Stress-induced mutagenesis is an incompletely understood evolutionary process that benefits fitness. 32,33 Our study supports the latter view by suggesting that CpG sites may act as methylation-sensitive ‘sensors’ of microenvironmental threats in utero, while also acting as effectors of transcriptional repression (in the case of CpG island methylation and/or nonsense-mediated mRNA decay). Given that germline gatekeepers are highly conserved relative to caretakers, it is surprising to note that somatic nonsense mutations occur more often than missense mutations in gatekeepers. These results suggest that CGA is conserved in gatekeepers as a ‘conditional stop’ signal that protects developing embryos from excessive apoptosis and miscarriage, while simultaneously predisposing ageing adults to cancer. Since gatekeeper promoter methylation is a common response to DNA damage in adult tissues26 that increases mutability of intragenic methyl-CpG sites by reducing transcription and repair, we submit that noxious insults in utero could select for such methylation-dependent mutability.

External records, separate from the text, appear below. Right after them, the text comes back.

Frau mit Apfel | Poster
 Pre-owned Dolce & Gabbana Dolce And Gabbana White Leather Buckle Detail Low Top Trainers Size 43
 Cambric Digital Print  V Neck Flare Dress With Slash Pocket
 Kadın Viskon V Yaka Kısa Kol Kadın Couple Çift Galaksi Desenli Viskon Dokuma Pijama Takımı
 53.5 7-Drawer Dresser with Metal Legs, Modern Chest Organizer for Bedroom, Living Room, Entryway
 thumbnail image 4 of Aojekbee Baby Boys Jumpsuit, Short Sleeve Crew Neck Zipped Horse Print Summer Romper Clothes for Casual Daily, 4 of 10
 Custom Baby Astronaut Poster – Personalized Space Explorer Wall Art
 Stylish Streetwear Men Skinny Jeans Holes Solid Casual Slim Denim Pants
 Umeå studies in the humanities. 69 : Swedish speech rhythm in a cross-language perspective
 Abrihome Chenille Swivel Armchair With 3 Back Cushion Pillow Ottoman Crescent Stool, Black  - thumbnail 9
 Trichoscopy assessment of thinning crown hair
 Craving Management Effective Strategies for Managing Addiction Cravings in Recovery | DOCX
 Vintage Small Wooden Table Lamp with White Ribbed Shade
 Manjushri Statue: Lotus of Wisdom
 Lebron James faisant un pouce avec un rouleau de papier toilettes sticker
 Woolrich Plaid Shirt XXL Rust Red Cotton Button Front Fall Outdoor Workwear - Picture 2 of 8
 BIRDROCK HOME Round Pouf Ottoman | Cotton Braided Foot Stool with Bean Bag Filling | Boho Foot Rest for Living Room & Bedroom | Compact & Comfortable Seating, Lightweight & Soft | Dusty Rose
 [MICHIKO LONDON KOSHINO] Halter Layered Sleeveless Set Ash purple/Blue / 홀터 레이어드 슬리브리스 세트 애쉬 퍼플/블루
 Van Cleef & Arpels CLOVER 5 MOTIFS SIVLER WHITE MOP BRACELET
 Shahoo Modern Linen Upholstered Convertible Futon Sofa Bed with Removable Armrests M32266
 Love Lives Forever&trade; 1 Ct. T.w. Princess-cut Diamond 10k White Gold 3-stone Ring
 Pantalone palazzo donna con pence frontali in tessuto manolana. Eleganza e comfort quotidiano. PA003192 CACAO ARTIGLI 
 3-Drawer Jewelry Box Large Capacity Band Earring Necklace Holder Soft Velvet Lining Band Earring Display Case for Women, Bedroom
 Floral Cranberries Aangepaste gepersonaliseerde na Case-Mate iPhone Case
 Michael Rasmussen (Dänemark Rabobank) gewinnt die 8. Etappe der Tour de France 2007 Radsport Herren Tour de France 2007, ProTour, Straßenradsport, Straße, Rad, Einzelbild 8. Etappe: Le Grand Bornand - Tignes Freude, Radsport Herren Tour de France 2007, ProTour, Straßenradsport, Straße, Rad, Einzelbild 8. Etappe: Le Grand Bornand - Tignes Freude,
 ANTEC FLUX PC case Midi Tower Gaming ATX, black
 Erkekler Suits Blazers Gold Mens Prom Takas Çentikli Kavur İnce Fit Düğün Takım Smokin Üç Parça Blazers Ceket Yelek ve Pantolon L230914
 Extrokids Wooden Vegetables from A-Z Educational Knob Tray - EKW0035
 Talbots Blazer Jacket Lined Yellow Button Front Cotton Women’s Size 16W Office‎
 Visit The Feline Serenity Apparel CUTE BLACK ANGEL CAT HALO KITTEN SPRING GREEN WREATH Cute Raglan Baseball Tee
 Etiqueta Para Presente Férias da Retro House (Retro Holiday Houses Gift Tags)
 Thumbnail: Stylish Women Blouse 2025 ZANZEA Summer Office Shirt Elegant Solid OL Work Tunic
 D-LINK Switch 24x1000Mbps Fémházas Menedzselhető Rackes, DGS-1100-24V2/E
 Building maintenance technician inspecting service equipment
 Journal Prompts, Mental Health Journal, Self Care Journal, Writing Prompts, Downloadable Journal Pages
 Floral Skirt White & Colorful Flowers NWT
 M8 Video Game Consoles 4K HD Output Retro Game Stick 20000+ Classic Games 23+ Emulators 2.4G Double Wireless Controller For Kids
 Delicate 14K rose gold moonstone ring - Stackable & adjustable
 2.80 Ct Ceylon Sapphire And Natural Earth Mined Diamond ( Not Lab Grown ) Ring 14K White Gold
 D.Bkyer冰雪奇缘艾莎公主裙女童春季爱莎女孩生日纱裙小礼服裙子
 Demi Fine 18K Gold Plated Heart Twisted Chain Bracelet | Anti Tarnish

This study confirms for the first time that epigenetic modification potential—whether germline or somatic—is encoded within the germline DNA sequence, thus raising central questions as to mechanisms of synonymous germline codon sequence conservation. To this end we have initiated new work using synonymous CpG-variable codon constructs in vivo to test the somatic and carcinogenetic consequences predicted by our findings here.

Supplementary Table 1. List of genes analyzed.

Supplementary Table 2. Spatial distribution of hyper-mutable CGA(CGN) codons in TP53 gene. The cluster model is calculated as a negative binomial distribution of codons.

Supplementary Table 3. Significantly clustered distribution of CGA (13/16) > AGA (2/13) codons in the RB1 gene.

Supplementary Figure 1. Phylogenetic relationship between genomic GC content and the frequency of either stop codons or CGA codons.

Supplementary Figure 2. Inverse relationship between TP53 CpG somatic mutation rates (upper diagram, blue) and germline conservation (lower diagram, Ka/Ks, red).

Supplementary Figure 3. Mapping of CGA positions in gatekeeper genes, showing non-random clustering.